California’s Año Nuevo state park is home to an elephant seal colony with about 5,000 seals during the marine mammals’ breeding season, which runs from mid-December through March. Researchers said about 30 seals had died as of Thursday, nearly all of them weaned pups, amid the rise of avian influenza.

A team of researchers from UC Davis and UC Santa Cruz has intensified its monitoring efforts since detecting the outbreak last week, which marks the first cases of HPAI H5N1 in marine mammals in California. This strain was catastrophic farther south, in Argentina, where the outbreak led to a 70% mortality rate among pups born during the 2023 breeding season.

“Our team has been so dedicated working around the clock, over time, whatever it takes to continue monitoring this outbreak,” Roxanne Beltran, a professor and leader of Beltran’s lab, UC Santa Cruz’s northern elephant seal research program at Año Nuevo, told the Guardian. “It’s a really hard, emotional thing to go through as undergraduate, graduate students and young scientists to watch the seals that you’ve gotten to know over the years get sick.”

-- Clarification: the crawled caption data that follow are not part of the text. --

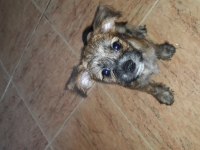 Şivava terrier yavrusu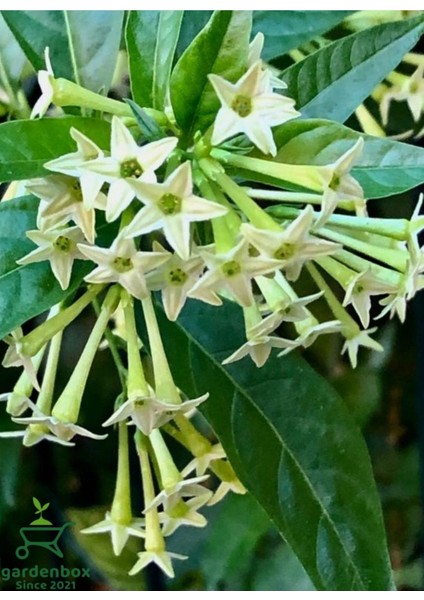 Melisa Çiçeği 1 Adet Saksılı 30-60CM (Cestrum Nocturnum) modelleri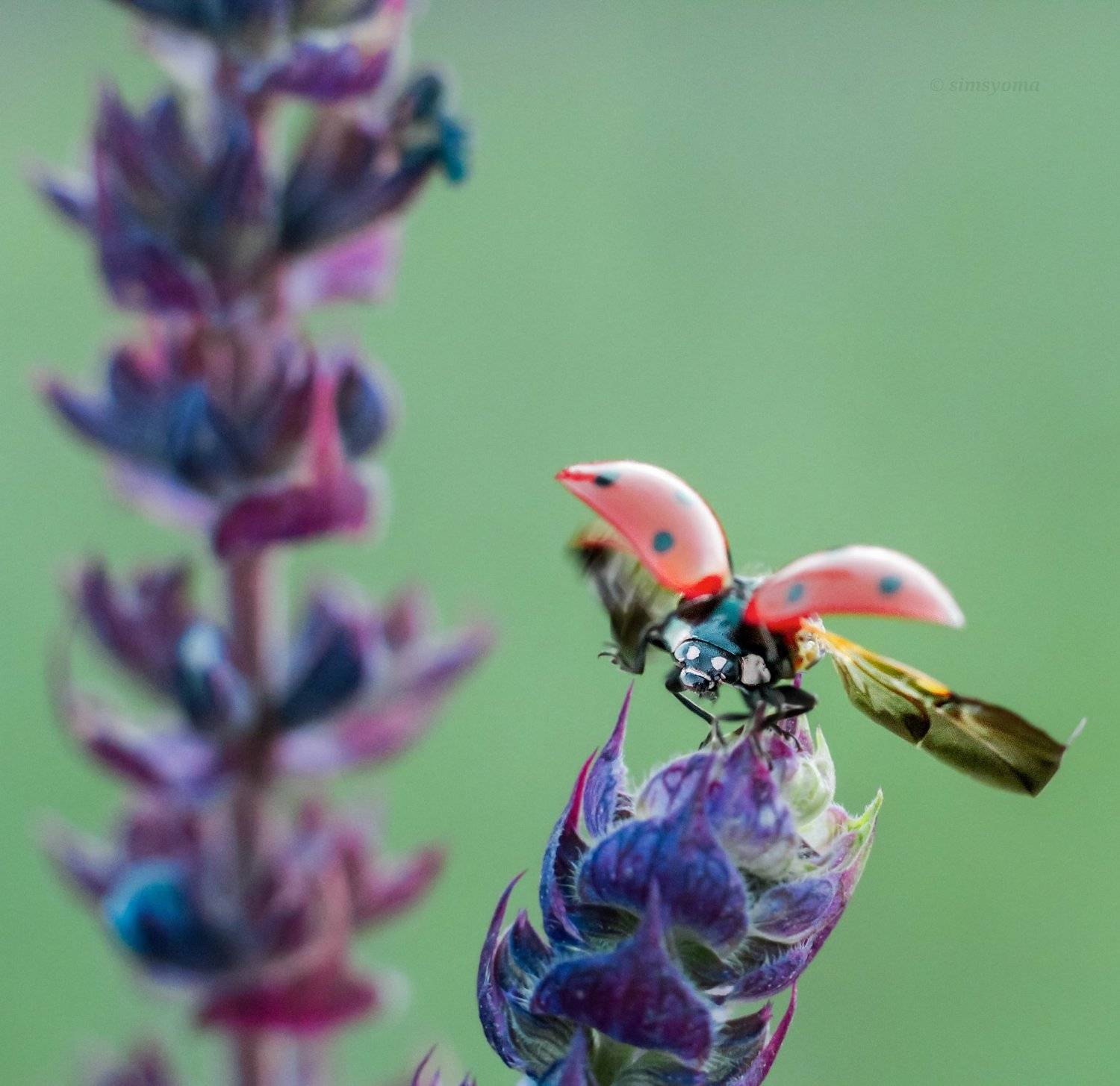 макро, природа, nature, macro, насекомые, insect, ladybug, Юлия Хворостяная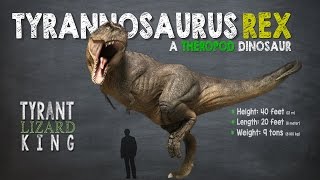 Tyrannosaurus Rex Facts A Dinosaur Facts video about Tyrannosaurs Rex also called TRex [upl. by Merchant]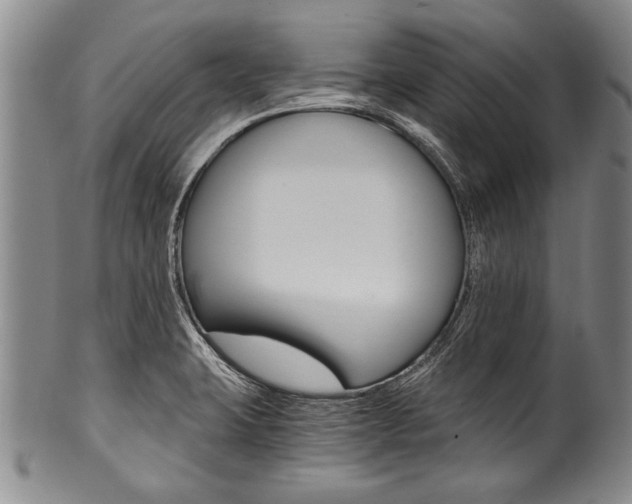 X0000101121423200806261035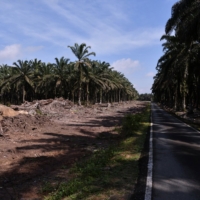 KAHANG 11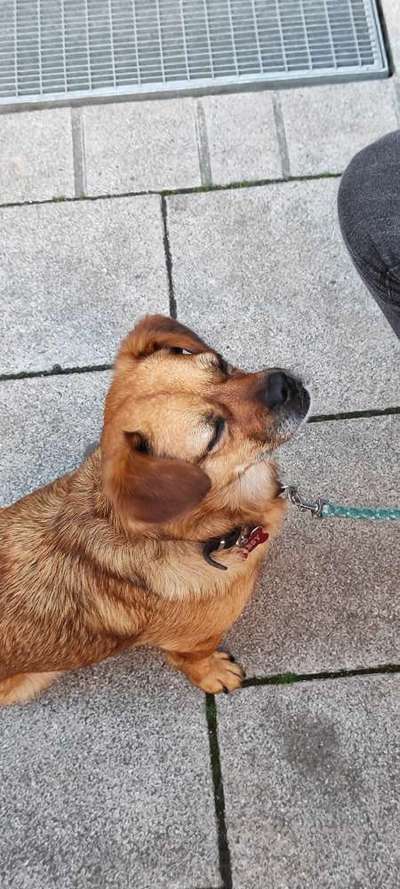 TierschutzhundeStammtisch🐕-Beitrag-Bild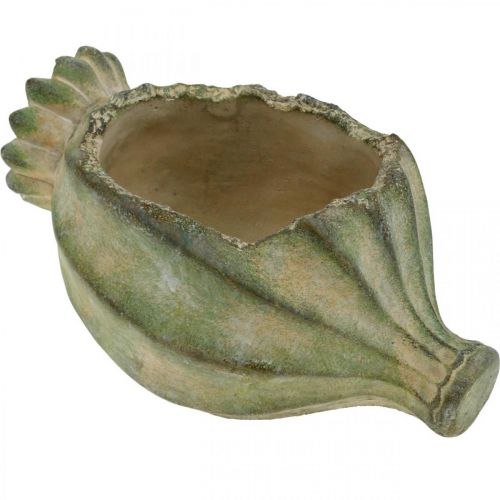 Floristik24 Cápsula de papoula decorativa, plantador de concreto, cachepot, decoração de túmulo L26cm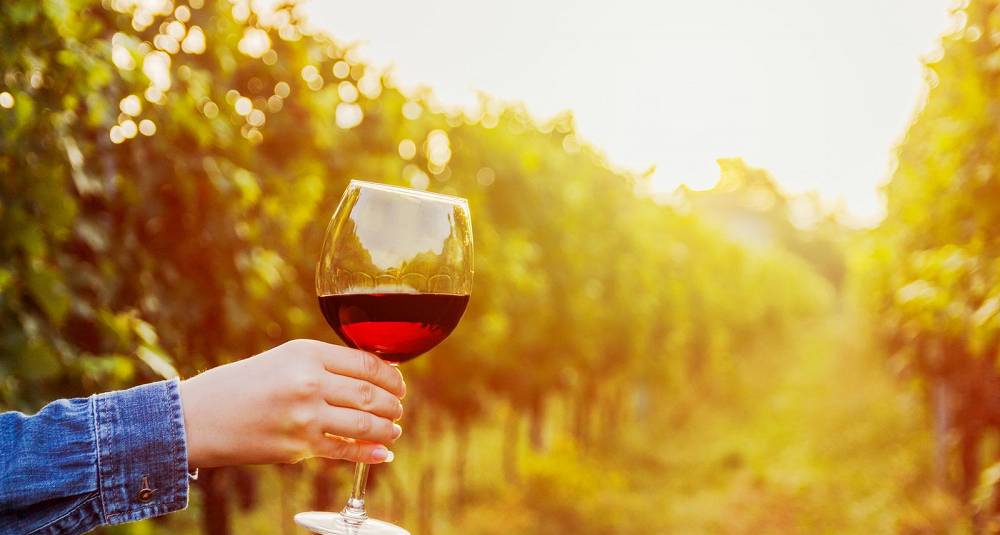 Lær om Italias viner av Master of Wine, Mai Tjemsland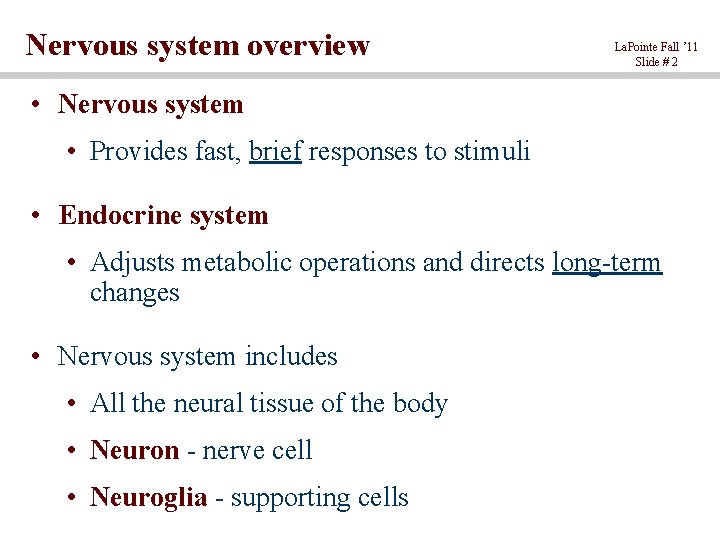 Chapter 12 1 Neural tissue Nervous system overview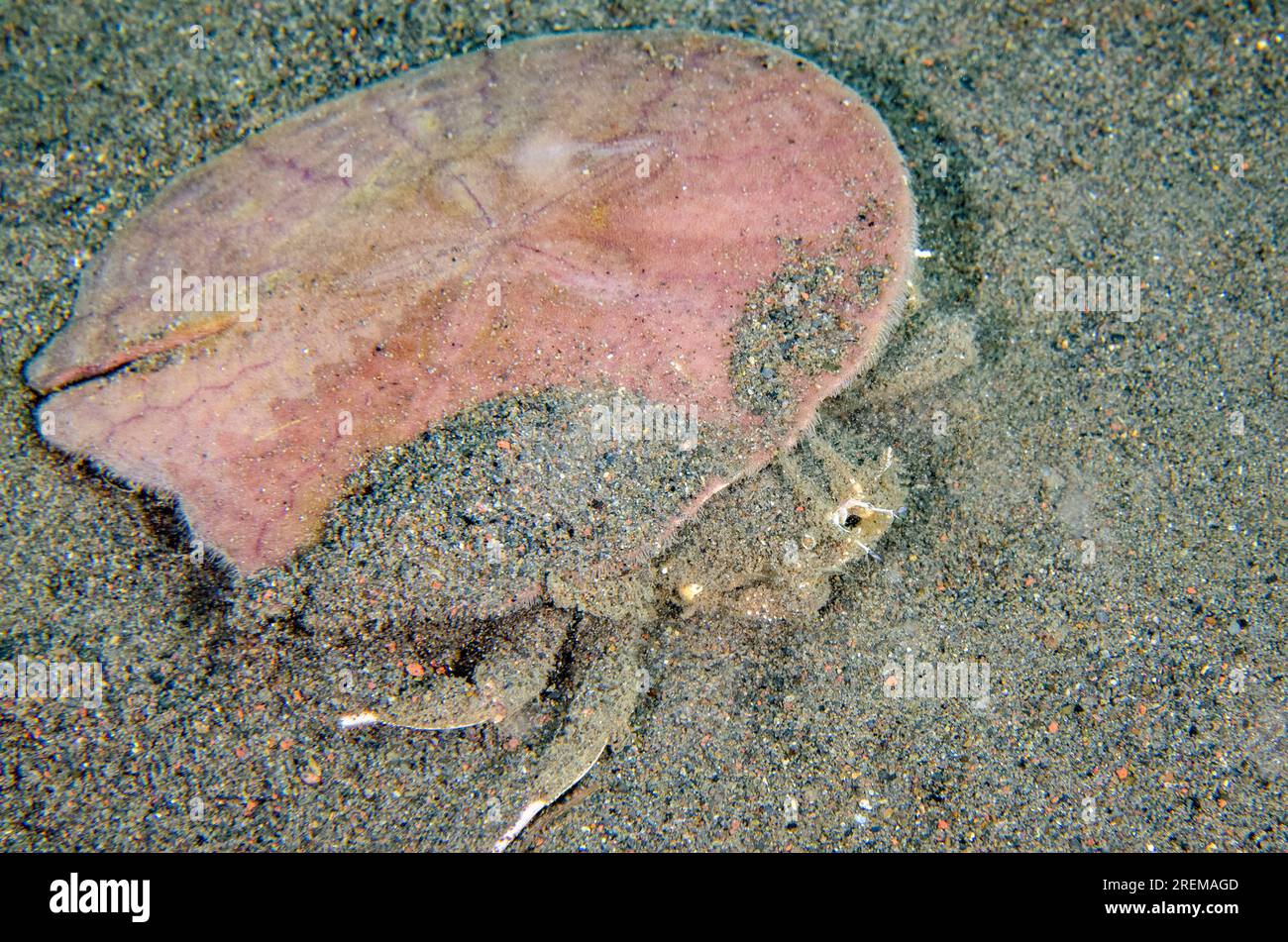 Doripped Urchin Crab, Dorippe frascone, carrying Pancake Sand Dollar, Sculpsitechinus auritus, for protection and camouflage, Puri Jati dive site, Ser Stock Photo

Beltran noted that, as of Thursday, deaths had remained at a steady, relatively low number rather than increasing exponentially.

The elephant seal colony at Año Nuevo state park is one of the most intensively studied in the world, according to Beltran. For more than six decades, scientists have monitored the colony through flipper tagging and long-term tracking of individual seals’ survival, reproduction and diving behavior.

“We’ve gathered more than 380,000 observations of 55,000 seals, so we know an extraordinary amount about what’s typical for those seals,” Beltran said.

She called the outbreak “unique” in disease ecology research because the team appears to have detected it at a very early stage. Precisely because the population is so well documented, with individual seals identified and tracked since birth, researchers can match infection outcomes to specific animals and better understand the outbreak’s consequences.

It remains unclear how the seals contracted the virus or whether it will spread beyond California.

“We don’t yet know where the seals got the virus, and we don’t know if, for example, they got it from birds, if the birds move in a way that could transmit the virus outside of California,” she said.

It also remains uncertain why weaned pups seem more susceptible to contracting the strain.

Researchers are also working with Noaa fisheries, the California department of fish and wildlife and the West Coast Marine Mammal Stranding Network to monitor marine mammals on the coast.

Año Nuevo state park is currently open with restrictions, according to its website. Cancellations for the seal-viewing tours, which are mandatory during the seals’ breeding season, have been issued through 1 March.

“Out of an abundance of caution, access is being paused to give wildlife space and allow for ongoing monitoring,” reads a notification on the state park’s website.

The park receives more than 60,000 visitors each year.